Olivier Tremblay formera dorénavant un duo avec son compatriote régional et ancien coéquipier avec les Élites de Jonquière, Samuel Harvey.
Un duo de gardiens de la région chez les Huskies
Le duo de gardiens des Huskies de Rouyn-Noranda est maintenant entièrement régional. Ayant déjà l'Almatois Samuel Harvey comme numéro un, le directeur général Gilles Bouchard a fait l'acquisition du Chicoutimien Olivier Tremblay à la première heure vendredi matin.
Les deux gardiens ont tous les deux défendu le filet des Élites de Jonquière dans le midget AAA lors de la première moitié de la saison 2013-2014. Olivier Tremblay, qui avait été réclamé en deuxième tour au repêchage quelques mois plus tôt, avait été rappelé par l'Océanic à la période des Fêtes.
La saison suivante, il était passé aux Tigres en retour de deux choix de deuxième ronde dans l'espoir qu'il s'impose entre les deux poteaux, ce qui ne s'est jamais concrétisé. Hier, le prix était considérablement en baisse pour ses services. Les Huskies l'ont obtenu pour un choix de 6e ronde. Il affichait une moyenne de 3,74 et un pourcentage d'arrêt de .874 en 17 parties.

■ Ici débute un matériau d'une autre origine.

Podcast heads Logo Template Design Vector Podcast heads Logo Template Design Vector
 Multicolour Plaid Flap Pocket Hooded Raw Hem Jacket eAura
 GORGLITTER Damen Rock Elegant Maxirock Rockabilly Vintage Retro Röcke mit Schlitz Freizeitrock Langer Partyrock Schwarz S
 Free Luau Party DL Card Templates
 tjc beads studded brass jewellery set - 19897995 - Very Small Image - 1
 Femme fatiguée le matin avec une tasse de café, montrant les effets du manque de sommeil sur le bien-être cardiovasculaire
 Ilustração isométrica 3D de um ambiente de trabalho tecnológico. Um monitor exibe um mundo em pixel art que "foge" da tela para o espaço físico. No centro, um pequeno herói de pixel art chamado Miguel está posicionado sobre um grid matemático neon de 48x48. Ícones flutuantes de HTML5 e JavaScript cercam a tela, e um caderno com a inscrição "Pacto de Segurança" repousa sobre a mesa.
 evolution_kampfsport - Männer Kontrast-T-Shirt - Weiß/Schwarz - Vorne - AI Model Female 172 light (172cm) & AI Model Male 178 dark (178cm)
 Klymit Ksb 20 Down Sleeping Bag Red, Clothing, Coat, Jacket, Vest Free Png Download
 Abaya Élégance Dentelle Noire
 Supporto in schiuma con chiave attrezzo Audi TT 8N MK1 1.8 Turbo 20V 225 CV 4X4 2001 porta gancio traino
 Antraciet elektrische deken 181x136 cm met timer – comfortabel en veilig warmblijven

Il était conscient qu'une transaction était possible. Il évaluait les probabilités qu'il change d'adresse à 50%. «J'haïssais ça jouer contre eux et je me retrouve là», exprime Olivier Tremblay qui rejoindra ses nouveaux coéquipiers samedi à Gatineau.
Dans son analyse des derniers mois, il estime qu'il avait entamé la saison régulière en force, mais une suspension de sept rencontres pour avoir frappé un adversaire a ralenti son momentum. «Ça m'a un peu mis les bâtons dans les roues. J'apprends de ça et je prends le blâme», reconnaît Olivier Tremblay, qui a ensuite été blessé. Il a donc vu de l'action dans seulement six rencontres depuis deux mois.
«Je ne peux pas dire que j'ai connu un mauvais début de saison, je n'ai pas joué», de plaider Olivier Tremblay qui a discuté quelques minutes au téléphone avec son nouveau partenaire devant le filet.
«On a le même agent et on s'entraîne ensemble pendant l'été. On se retrouve. En plus, les Huskies ont un entraîneur des gardiens à temps plein. C'est un bonus», fait valoir le gardien chicoutimien.
«On a le même but et on va tout faire ce qu'on peut pour gagner», assure Olivier Tremblay. Celui-ci a eu une pensée pour l'ancien directeur général des Tigres, Daniel Fréchette, aujourd'hui décédé, qui avait fait son acquisition en décembre 2015.